Signal Handling: trap, EXIT/ERR/INT/TERM, Idempotent Cleanup & Lock-File Discipline — Writing Scripts That Don't Leave a Mess Behind

Every long-running shell script will eventually be killed mid-execution. Ctrl+C from a tired engineer. A Kubernetes pod eviction. A systemd timeout. An OOM-killer. A laptop closed at the wrong moment. Servers reboot, networks die, and shell scripts that don’t plan for this leave behind a mess: half-written files, stuck lock files that will never be released, child processes still running with stale state, temporary directories on the filesystem forever.

The difference between a script that handles this gracefully and one that doesn’t is one shell idiom: trap. Every production-grade shell script you’ll ever write should set a trap EXIT handler at the top to clean up after itself, and most of them should also handle INT (Ctrl+C) and TERM (graceful shutdown) explicitly.

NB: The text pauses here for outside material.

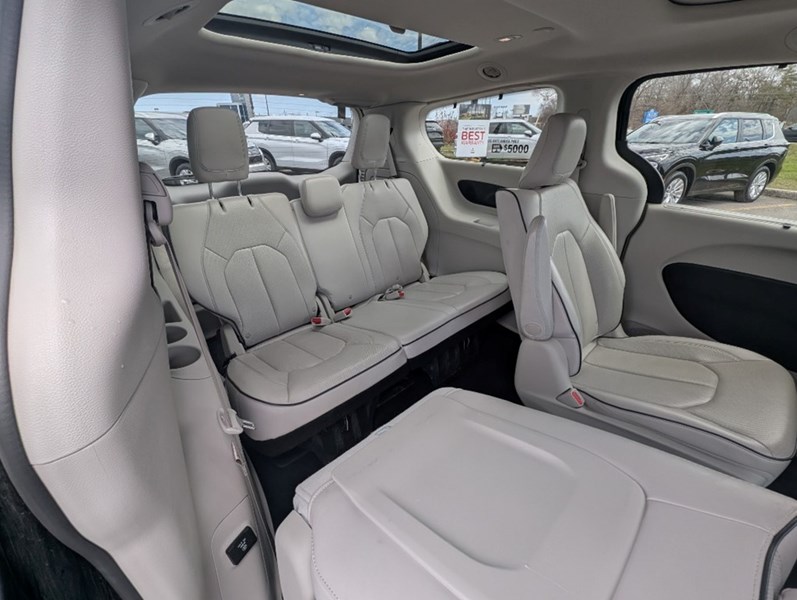 2020 Chrysler Pacifica Hybrid Limited 2WD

This lesson covers the signal model in just enough detail to write good handlers, the trap builtin, the canonical patterns for tempfile cleanup and lock files, and the production-grade signal-aware template you should adopt for all your scripts.

1. Signals in 90 seconds

A signal is a kernel-delivered interrupt to a process. The signaled process either has a handler installed (and that handler runs) or uses the default action for the signal (often: terminate). Signals are tiny — they carry no data, just an integer ID.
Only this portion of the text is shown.